Il “Decreto anticipi” e la tassa di soggiorno: quando l’austerità si scarica sul territorio

Il “Decreto anticipi” e la tassa di soggiorno: quando l’austerità si scarica sul territorio

Il dibattito esploso attorno al cosiddetto “decreto anticipi” mette a nudo una dinamica ormai strutturale: di fronte ai vincoli di finanza pubblica e alla scarsità di risorse, lo Stato non taglia l’obiettivo ma sposta il peso sui livelli più deboli della catena istituzionale, cioè #Comuni e Regioni. L’austerità non evapora: scende di livello. E finisce addosso ai #cittadini.

La mossa più contestata è l’uso dell’#imposta di #soggiorno come leva di finanza statale. Una tassa nata come “di scopo” — cioè destinata a migliorare servizi e #infrastrutture turistiche locali — viene ora piegata a funzioni estranee: da un lato finanziare interventi sociali che meriterebbero #fondi strutturali, dall’altro coprire miliardi per l’Olimpiade Milano-Cortina. Il risultato è un paradosso evidente: i #turisti pagano per compensare i tagli dello Stato, e i Comuni diventano il braccio fiscale del governo centrale.

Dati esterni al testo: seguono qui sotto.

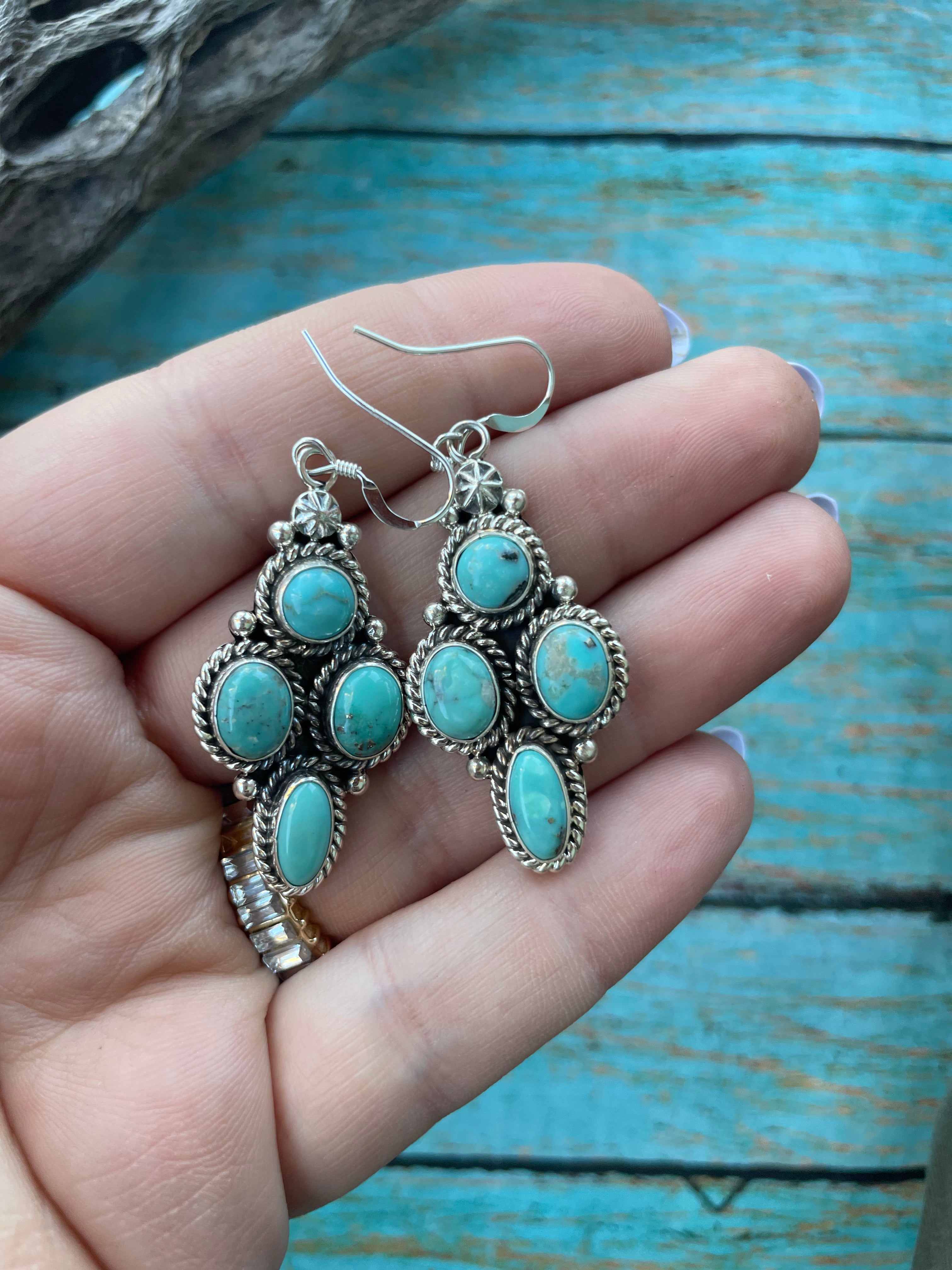 Navajo Sterling Silver And Turquoise Dangles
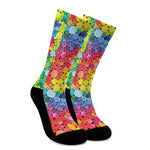Watercolor Rainbow Pattern Print Crew Socks
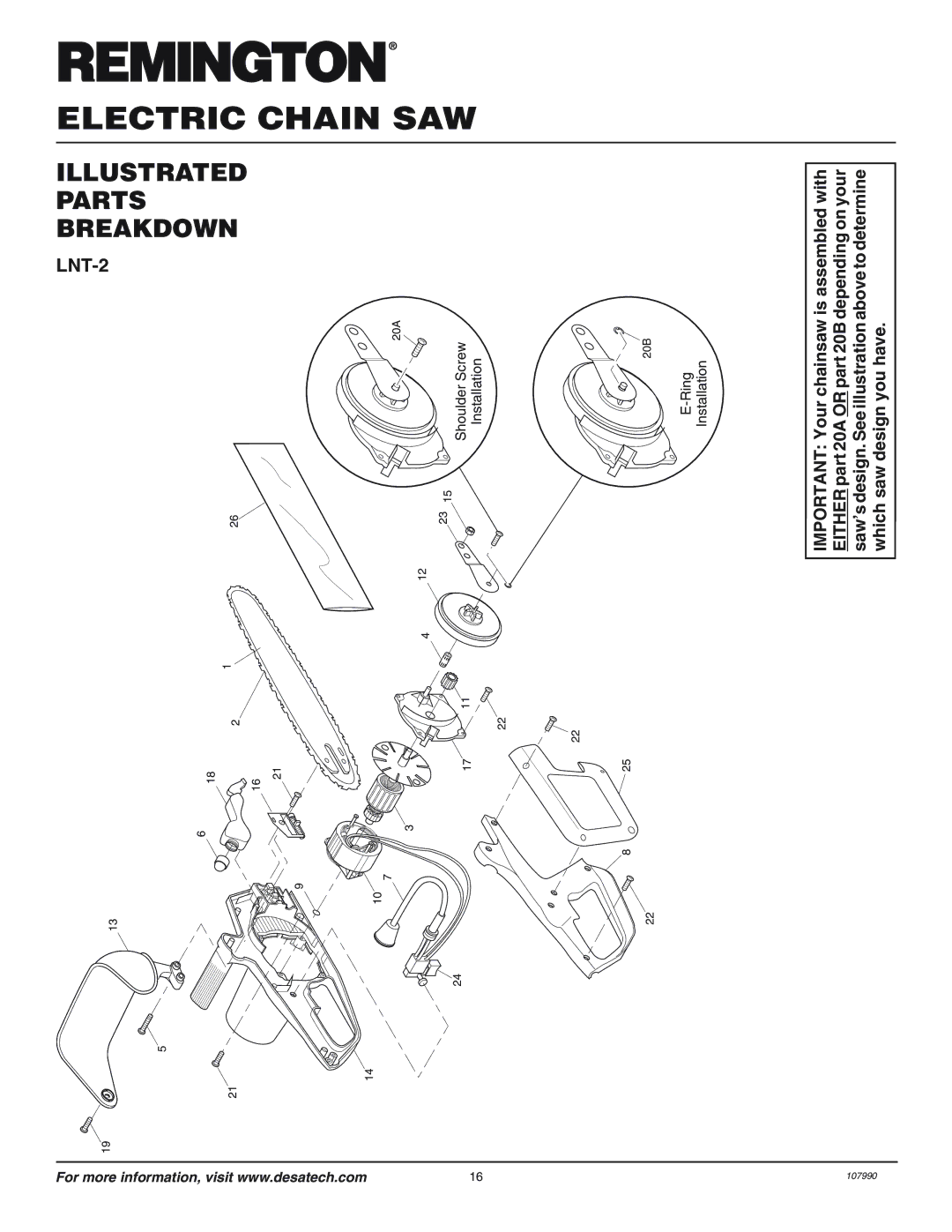 Desa 100089-04, 100089-08 Illustrated Parts Breakdown, LNT-2, Is assembled with depending on your above to determine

Le operazioni previste sono due. La prima riguarda tutto il Paese: +2 euro a notte sulla tassa di soggiorno, con cui finanziare al 70% spese per il turismo locale e al 30% fondi statali per minori e alunni disabili. Due settori cruciali della spesa sociale che vengono improvvisamente appoggiati su un gettito aleatorio e territoriale: non una politica, ma una toppa. La seconda è specifica per Lombardia e Veneto, dove l’imposta cresce ulteriormente di +5 euro per canalizzare metà del gettito verso le Olimpiadi — un evento che, come tutti i mega-eventi, brucia risorse pubbliche e lascia spesso infrastrutture sovradimensionate e impatti urbanistici permanenti.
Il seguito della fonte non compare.